Do you think you have a bad sense of direction? You're probably right. People's beliefs about their sense of direction usually predict how well they navigate, according to a study that appeared in the May Journal of Experimental Psychology: Learning, Memory and Cognition (Vol. 32, No. 3).
Previous research has suggested that, for people's navigational systems to work well, they have to integrate two different directional or "heading" systems:
Egocentric, or personal, direction. Where they are in relation to external objects such as a door or a building.
Allocentric, or external, direction. Where they are in relation to fixed environmental points such as north, south, east or west. This system is most closely linked to what's generally referred to as "sense of direction."
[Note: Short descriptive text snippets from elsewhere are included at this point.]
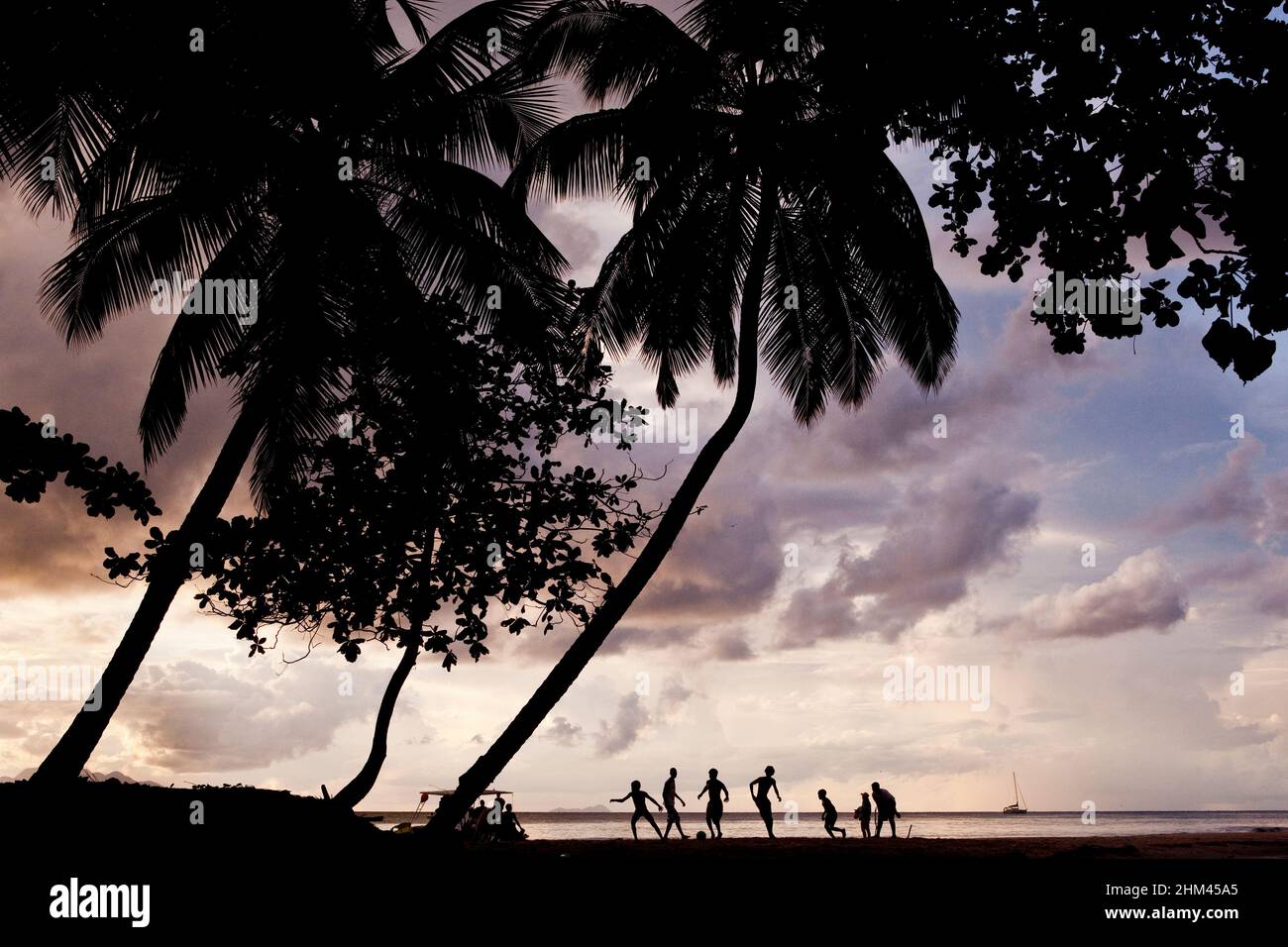 Silhouettes on Beau Vallon Beach playing football at sunset on Mahe Island, Seychelles. Stock Photo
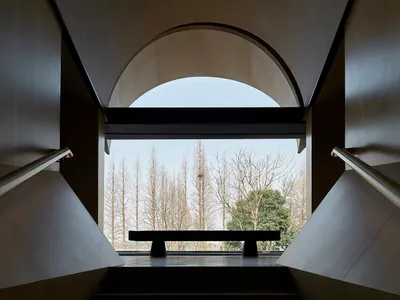 Concrete staircase viewed from above, featuring an arched window with a bench and a scenic outdoor view of bare trees.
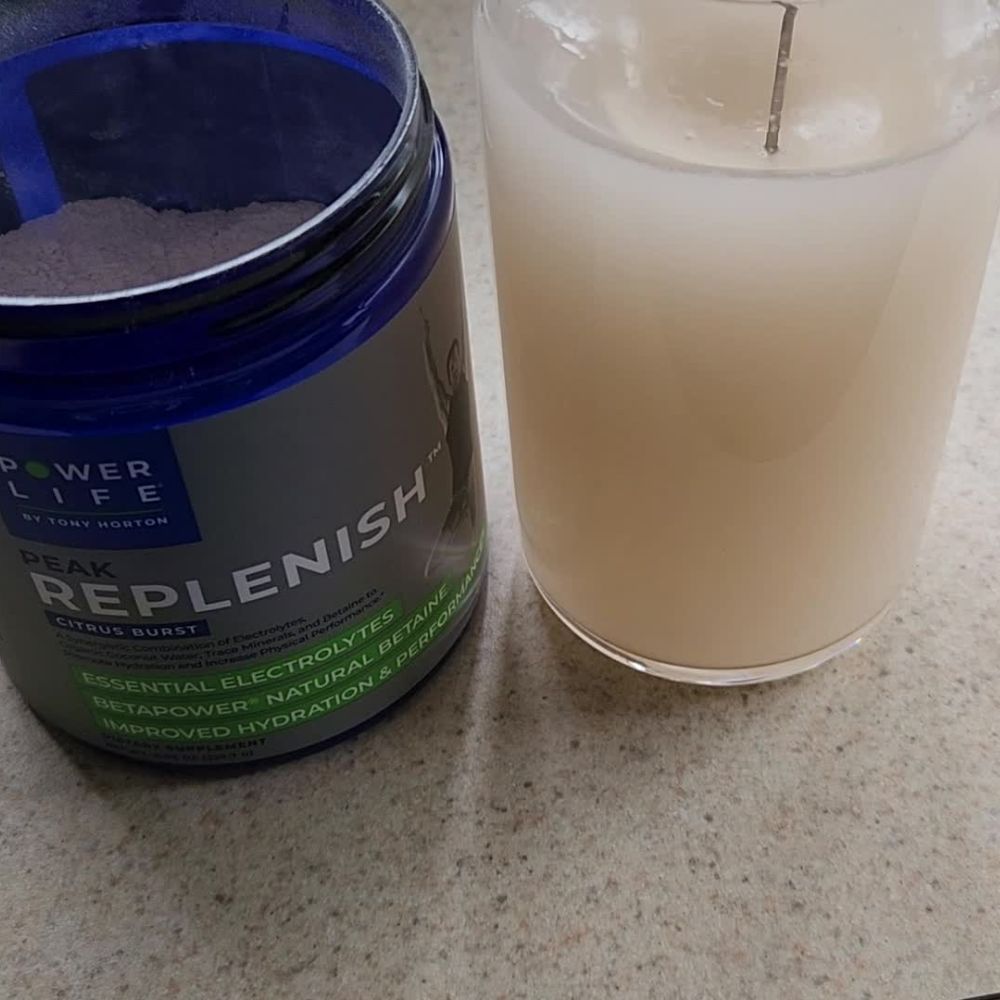 Open jar of peak replenish next to glass of water mixed with peak replenish.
To learn more about how people's navigational systems work, Boston College psychology professor Jeanne Sholl, PhD, and colleagues focused on allocentric direction in a study with undergraduates involving a familiar environment on the Boston College campus. The test was designed to see how well participants tracked and remembered--or coded--allocentric direction. Since research suggests that people orient themselves from the closest environment outward--in other words, room, apartment, building, street and beyond--the challenge would be in distinguishing current allocentric from a remembered allocentric direction.
In the study, participants tried to determine the direction of 40 pictures taken from different locations and allocentric directions on campus. Participants began by looking out the window to orient themselves to the building's position in the larger campus environment. They then sat in a swivel chair in front of a computer. The computer was positioned so that each participant faced north, south, west or east. Researchers showed participants one of the campus pictures on the computer screen and asked them to decide which direction the photographer was facing and then to turn in that direction. For instance, if the photo's direction was east, but the student was facing north, he or she would turn right. If the student was facing east, he or she would not turn.
This required students to remember the familiar scene and place themselves within it. The authors hypothesized that the participants should have stored this familiar scene in memory along with their body's allocentric direction when viewing the scene, enabling them to re-retrieve the direction just by viewing the pictures. They found that there was wide variability in the students' ability to do the task.
After the experiment, participants filled out a survey asking them to rate their sense of direction. Generally, students who rated it as bad performed poorly, and students who rated it as good did well. Sholl says this suggests that self-attributions about sense of direction are related to the effectiveness with which allocentric heading is computed and stored when navigating the environment. Moreover, all participants had the most difficulty performing the task when the picture's direction was 180 degrees from the direction they were facing, indicating that a person's actual allocentric direction affects how easily they can retrieve stored allocentric directions, she explains. Sholl and her team plan to study the system further--particularly why some people's systems do not function well.